Cornell Law Professor Named General Counsel of World Jewish Congress
Menachem Rosensaft, an Adjunct Professor of Law who teaches a course in World War II war crimes trials, was born in the Displaced Persons camp of Bergen-Belsen, the son of two survivors of Nazi concentration camps Auschwitz and Bergen-Belsen. His grandparents and his five-and-a-half year old brother were murdered in a gas chamber at Auschwitz. These facts, he says, "are the core of my being," and they have given shape to his career as a lawyer and activist. He's just been named General Counsel of the World Jewish Congress, an international organization representing Jewish communities in ninety-two countries. It's a position which combines his personal commitment with his legal skills.

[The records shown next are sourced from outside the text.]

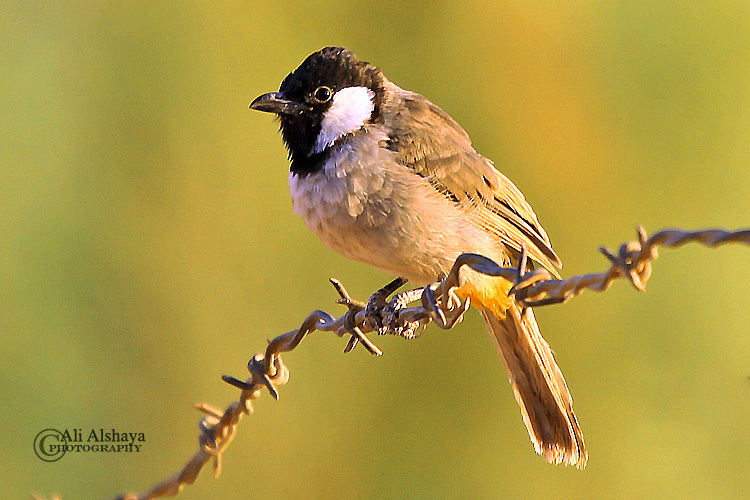 safaa by safaa - Ourboox.com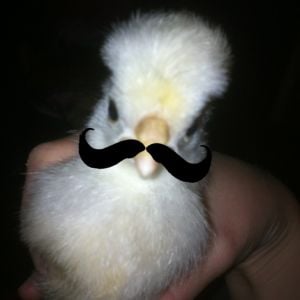 Chickawaw with a moustache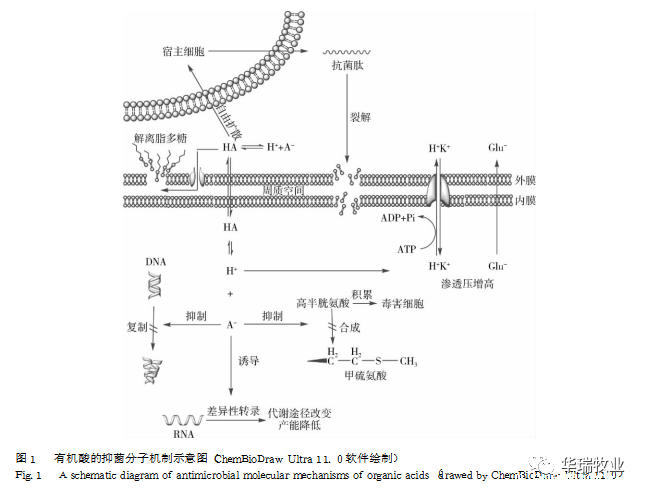 1624416299967743.png 微信图片_20210623104424.png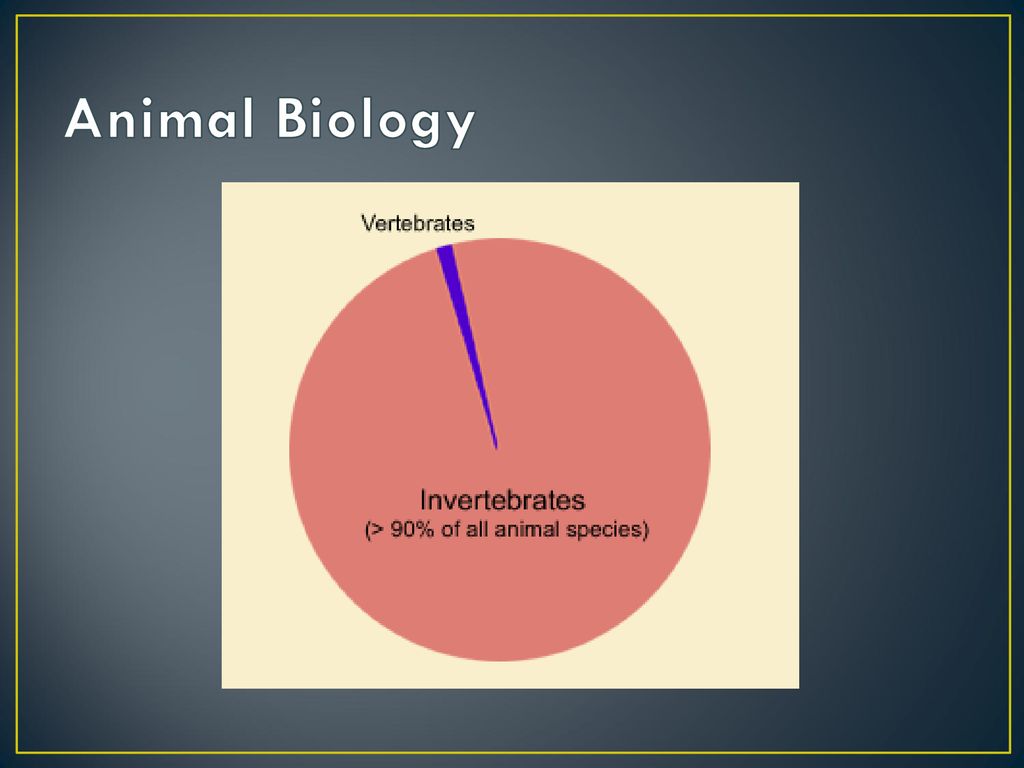 Animal Biology. - ppt download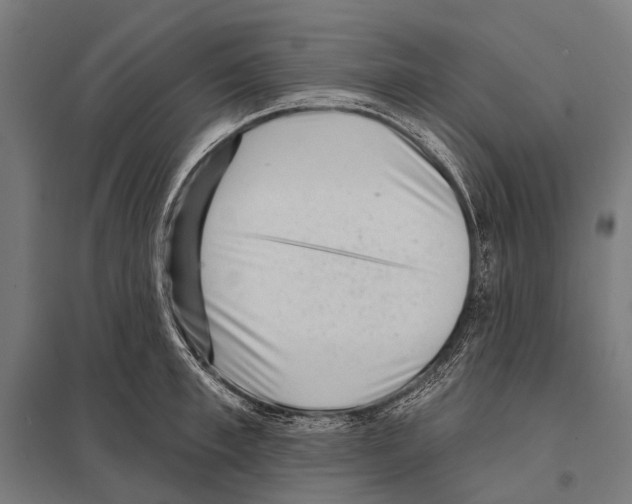 X0000097610997200803281010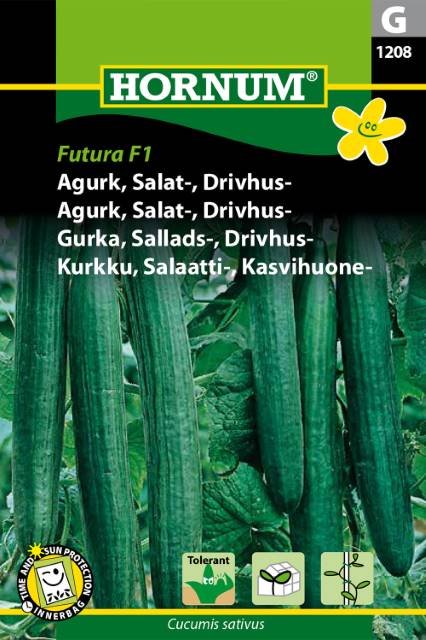 Agurk, Salat-, Drivhus-, Euphya F1 (G)
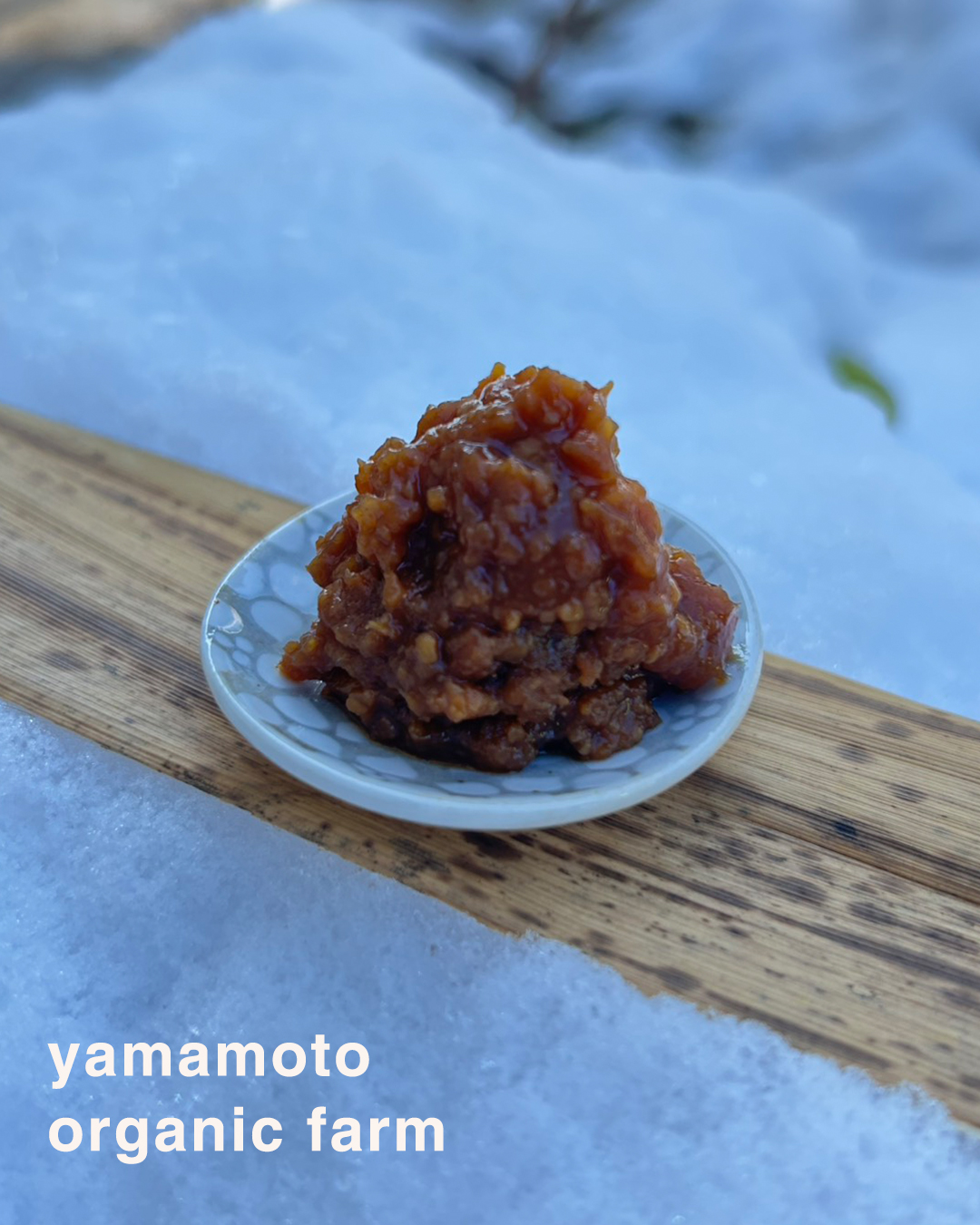 やまもと有機菜園 味噌づくり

Rosensaft's work, he feels, is inextricably linked to his identity. "The protection of the Jewish people, the prevention of any recurrence of genocide, the remembrance of the Holocaust, and the furthering of justice for all people, Jews and non-Jews alike, who are subjected to bigotry and persecution have formed my identity as an American, as a Jew, and as a lawyer," he says. "I am deeply grateful for this unique opportunity to merge my personal and professional priorities and to contribute meaningfully as the WJC's General Counsel."
Rosensaft, a former litigation partner at a national law firm, has held a wide range of professional and volunteer positions, including serving as general counsel of a major New York Stock Exchange financial services firm, founding the International Network of Children of Jewish Holocaust Survivors, holding office as National President of the Labor Zionist Alliance, and serving as President of the Park Avenue Synagogue in Manhattan. He has published widely in legal and popular publications.